No, “microgravity” is not the correct term. Microgravity means literally a millionth of a gee of acceleration. Using it in any other way is very confusing.
A quick tutorial.
First, there is no such thing as zero gravity, anywhere in the universe. Gravity, which is the force that one mass exerts on another, as a function of the product of the two masses and the inverse of the square of the distance between them, is ubiquitous, because the universe is filled with masses of various sizes and shapes. And in a so-called “Zero-G” flight, the gravity level is in fact almost exactly the same as it is on the ground, since the aircraft isn’t flying all that high, relative to the distance from the center of the earth. Even in low earth orbit, gravity is still about 90% of what it is on the surface. We have to be very careful with the word gravity.

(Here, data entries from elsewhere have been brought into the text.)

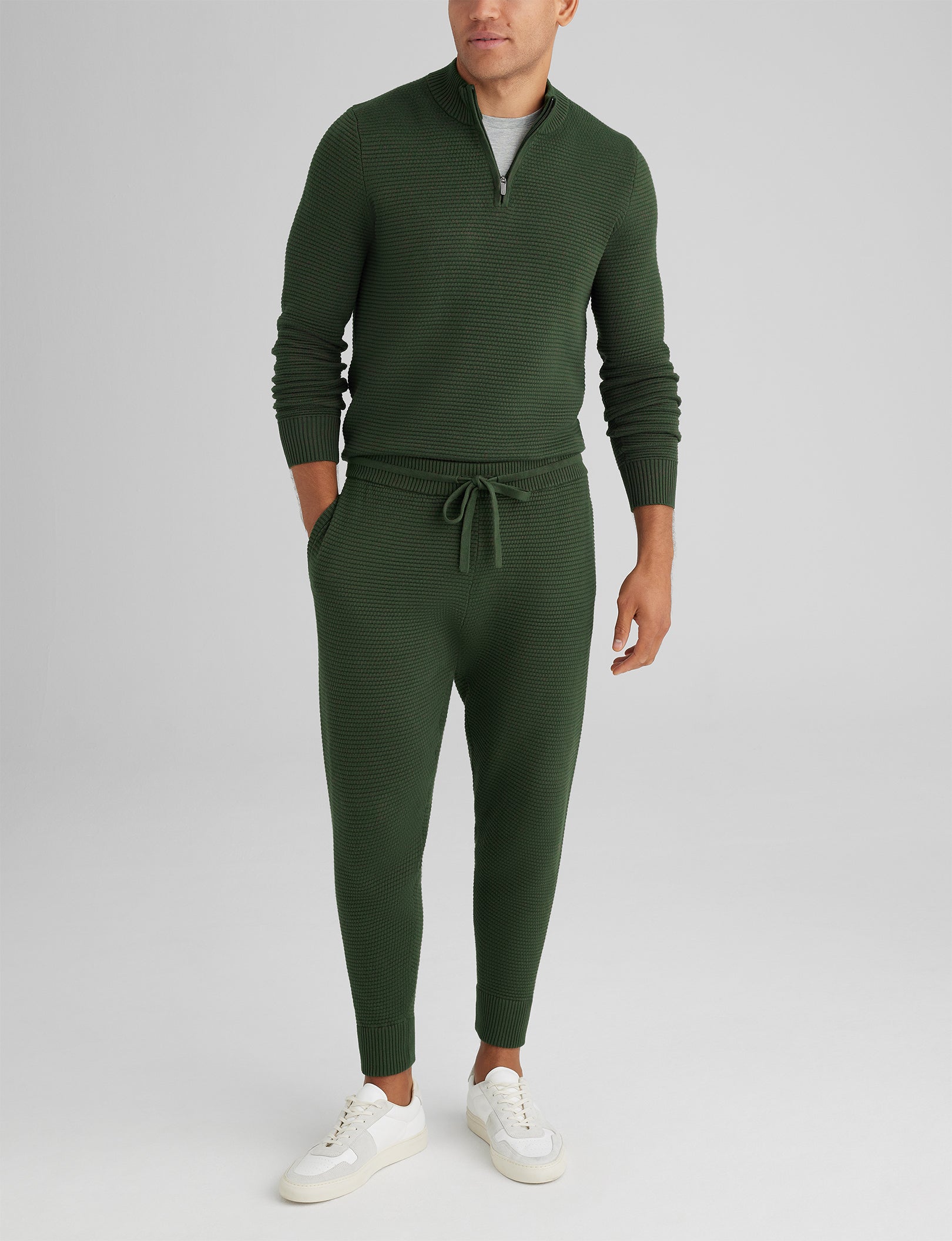 Sweater Jogger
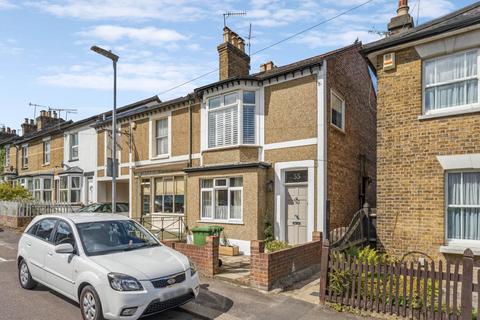 55a Park Road, Bushey, WD23 3EE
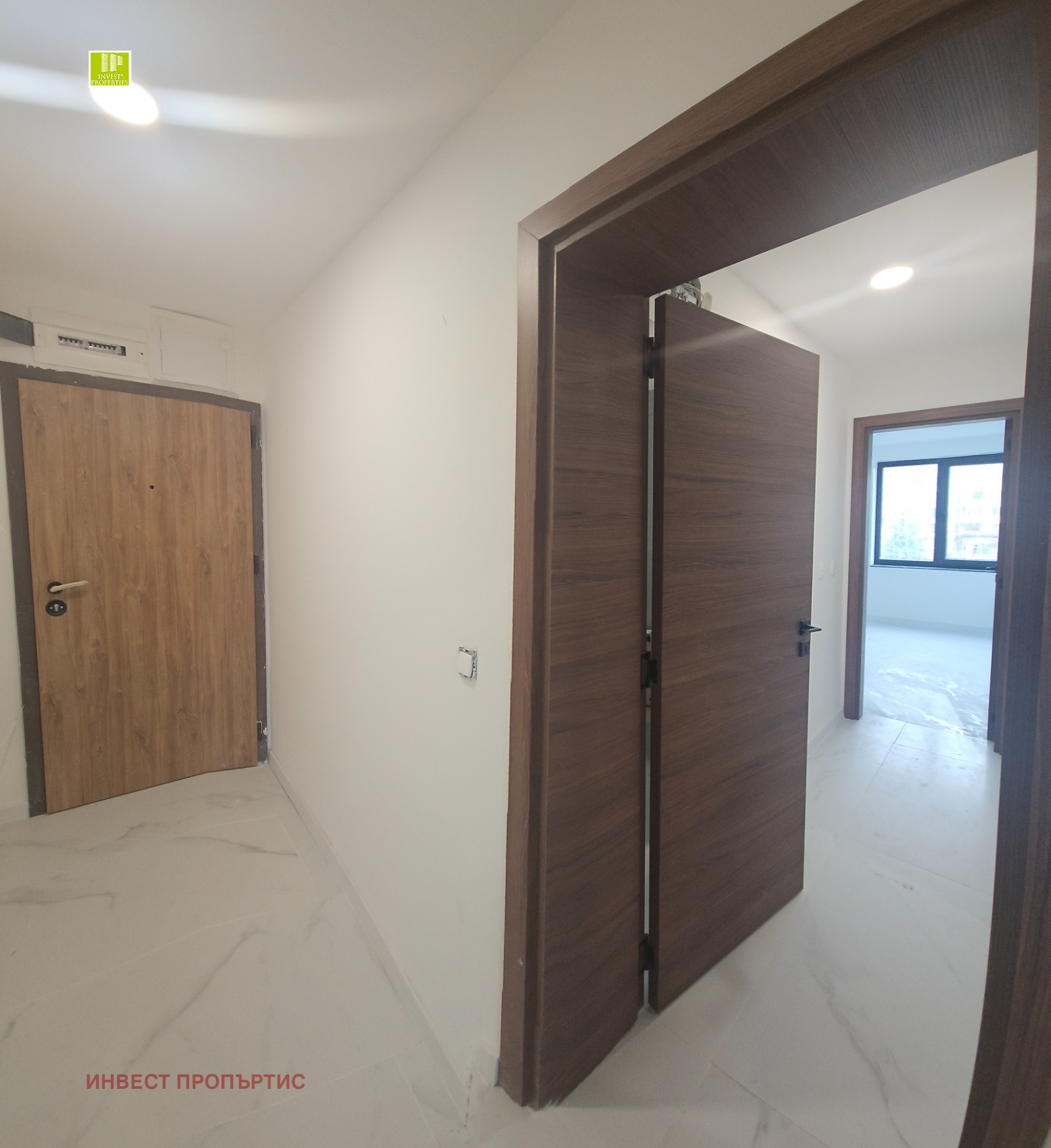 Продава МНОГОСТАЕН, гр. София, Манастирски ливади, снимка 12 - Апартаменти - 53945274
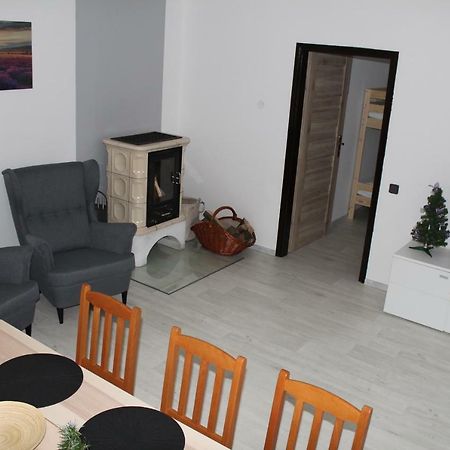 Vila Marianna Destne v Orlickych horach Bagian luar foto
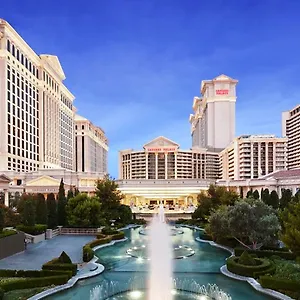 Caesars Palace & Casino Resort Las Vegas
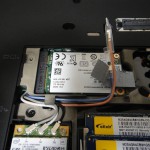 SSD(mSATA) を ThinkPad T420s に取り付ける
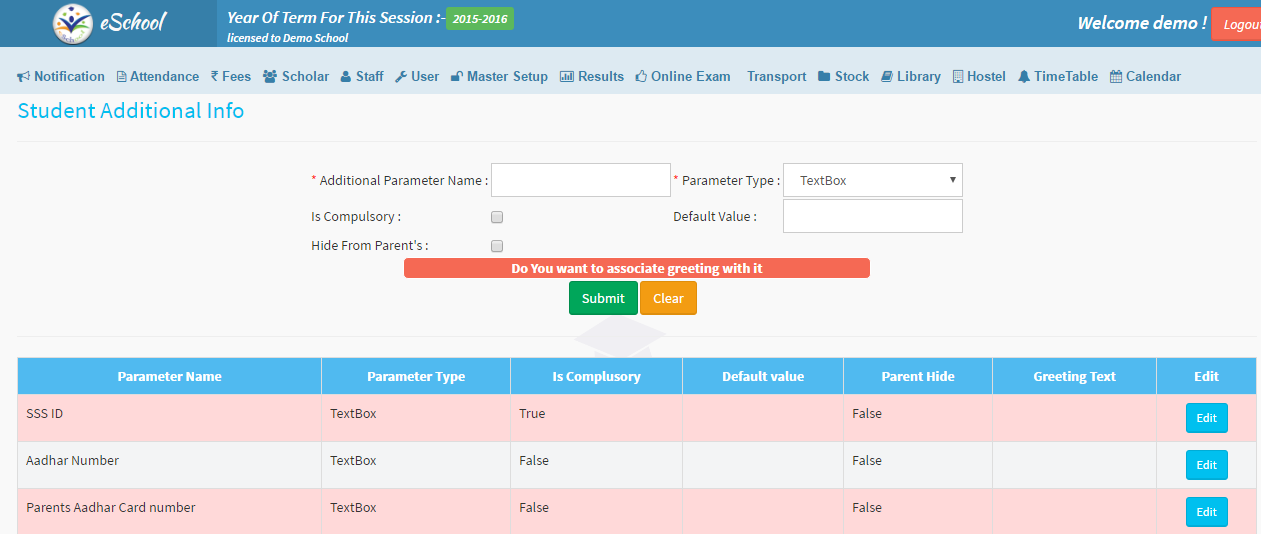 Need for Schools to embrace Digital India and use School Management Tools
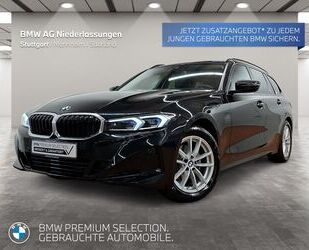 BMW 320 Gebrauchtwagen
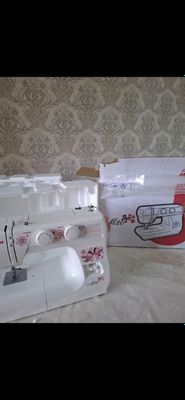 Продается новая машинка неиспользованная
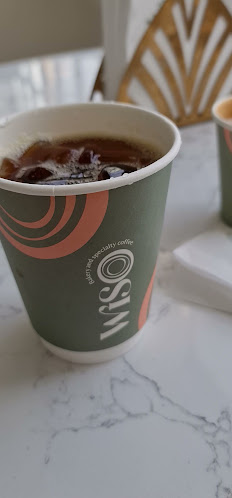 Comentarii opinii despre Wiso Bakery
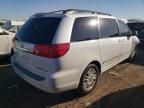 2008 Toyota Sienna XLE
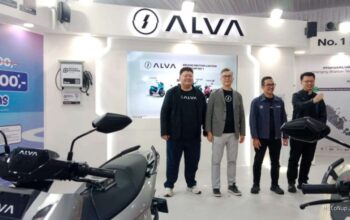 Program Spesial Alva di GIIAS 2026: Cara Manjakan Konsumen Setia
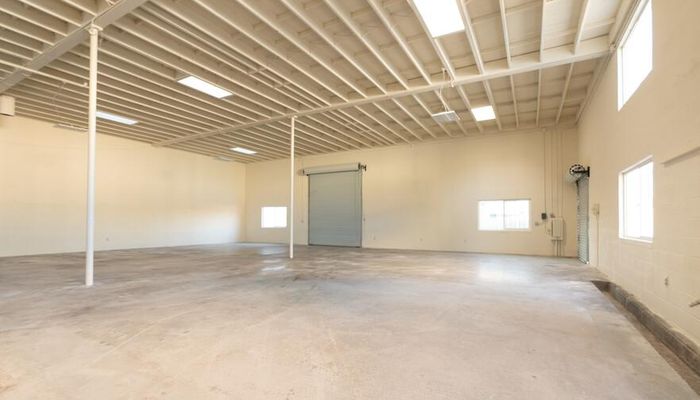 Warehouse Space for Rent at 4430 Vandever Ave San Diego, CA 92120 - #2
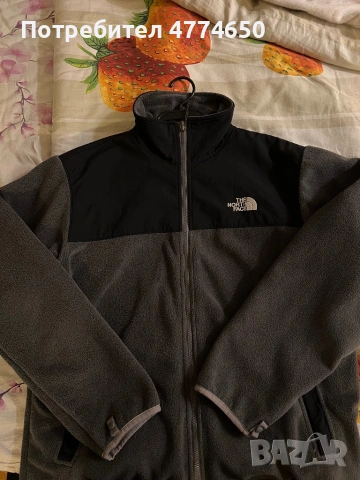 Здравейте, продавам яке от THE NORTH FACE, снимка 2 - Якета - 53940733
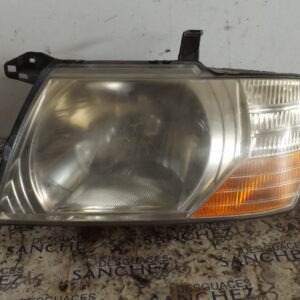 FARO IZQUIERDO MITSUBISHI MONTERO (V80/V90) *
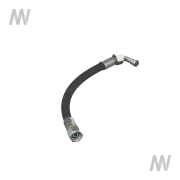 Hydraulic Hose 3/8 348  4 - More 2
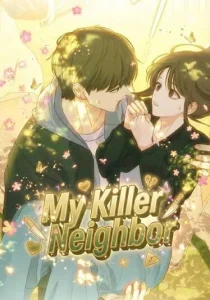 Cover My Killer Neighbor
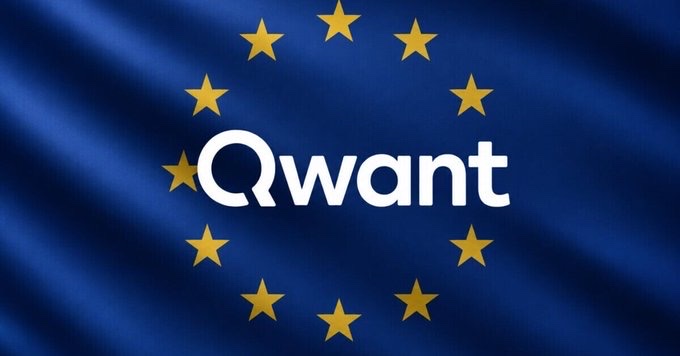 Le Parlement européen remplace Google par Qwant sur ses ordinateurs internes, sur fond de dépendance technologique aux États-Unis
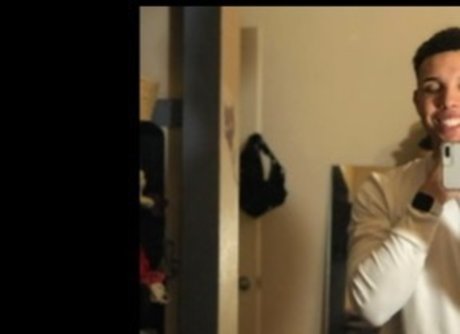 Angelo OnlyFans Leak Pornografie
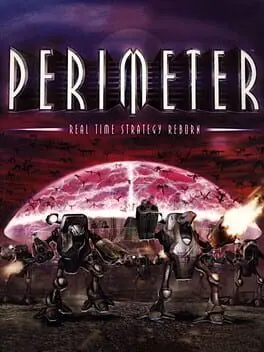 Perimeter background
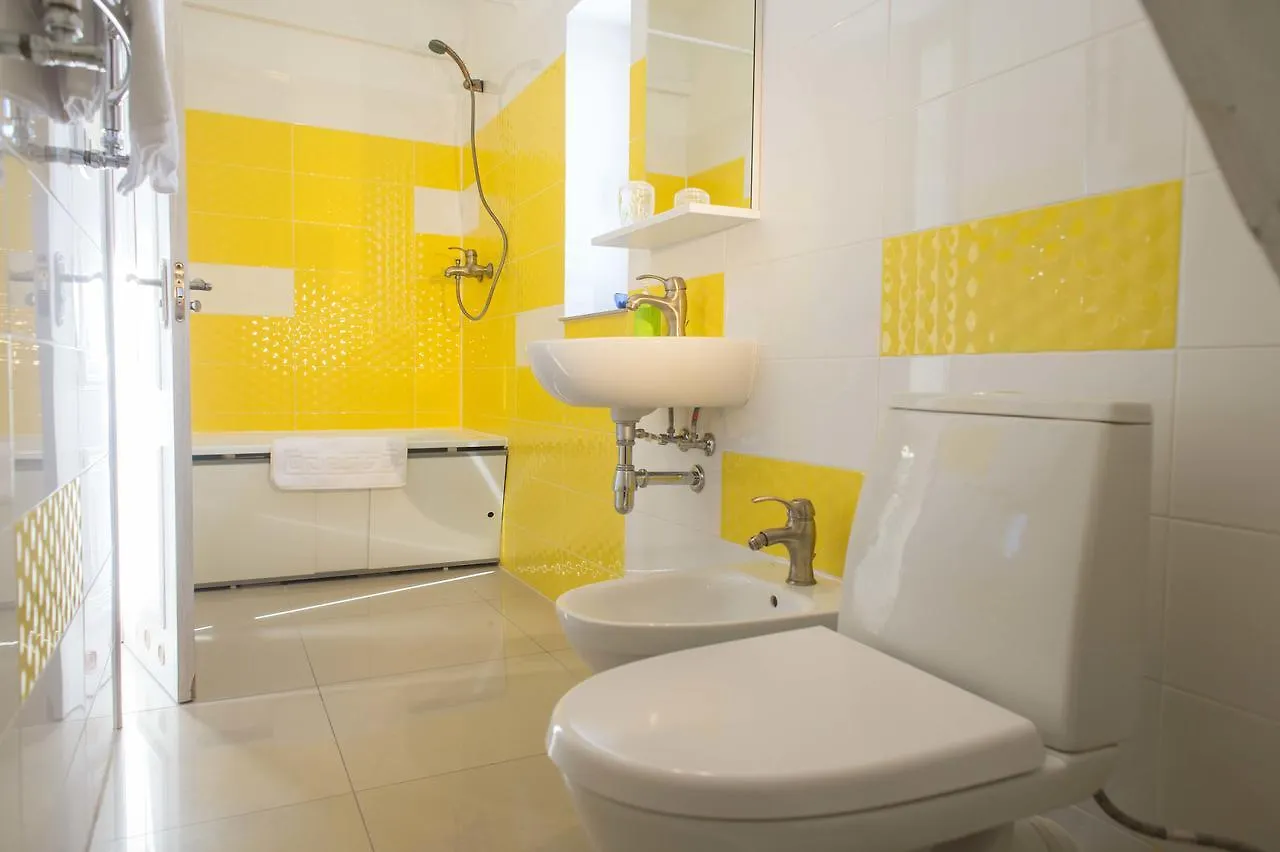 A&A Apartments Lviv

In this context, we are using it as a unit measure of an acceleration, not the amount of pull that is exerted on us by the earth (or other objects).
What happens in both parabolic flight (which is technically a portion of an ellipse, rather than a parabola, but if one makes a flat-earth assumption for the gravity model, a parabola is close enough) and in orbit is that the craft is in weightlessness, or free fall, which are the proper terms.
When one is falling (and in a circular orbit, one is continually falling, with the rate of fall toward the earth the same as the rate of the horizon dropping in front of you, so you never get any closer), one doesn’t sense gravity. Gravity is only sensed when one resists it, by standing on the ground, or sitting in a chair, or having air drag slow you down when you sky dive. Also, there is only a single point of your body that is in true free fall; most of it is experiencing various (tiny) levels of gravitational force. Because the trajectory is a line in space, only the portion of an object through which that line passes is in true weightlessness. But for practical (in this case, visceral entertainment) purposes, your whole body will seem to be floating. And the easiest way to describe it, if not the accurate one, is “zero gravity.” Hence the company’s name.
One other note, which is a pet peeve of mine. In Hawking’s note to Taylor, he uses the phrase “risk-adverse” to describe NASA. The correct phrase is “risk averse.” That is, one has an aversion to risk. Adverse has a different meaning entirely, but many people get this wrong.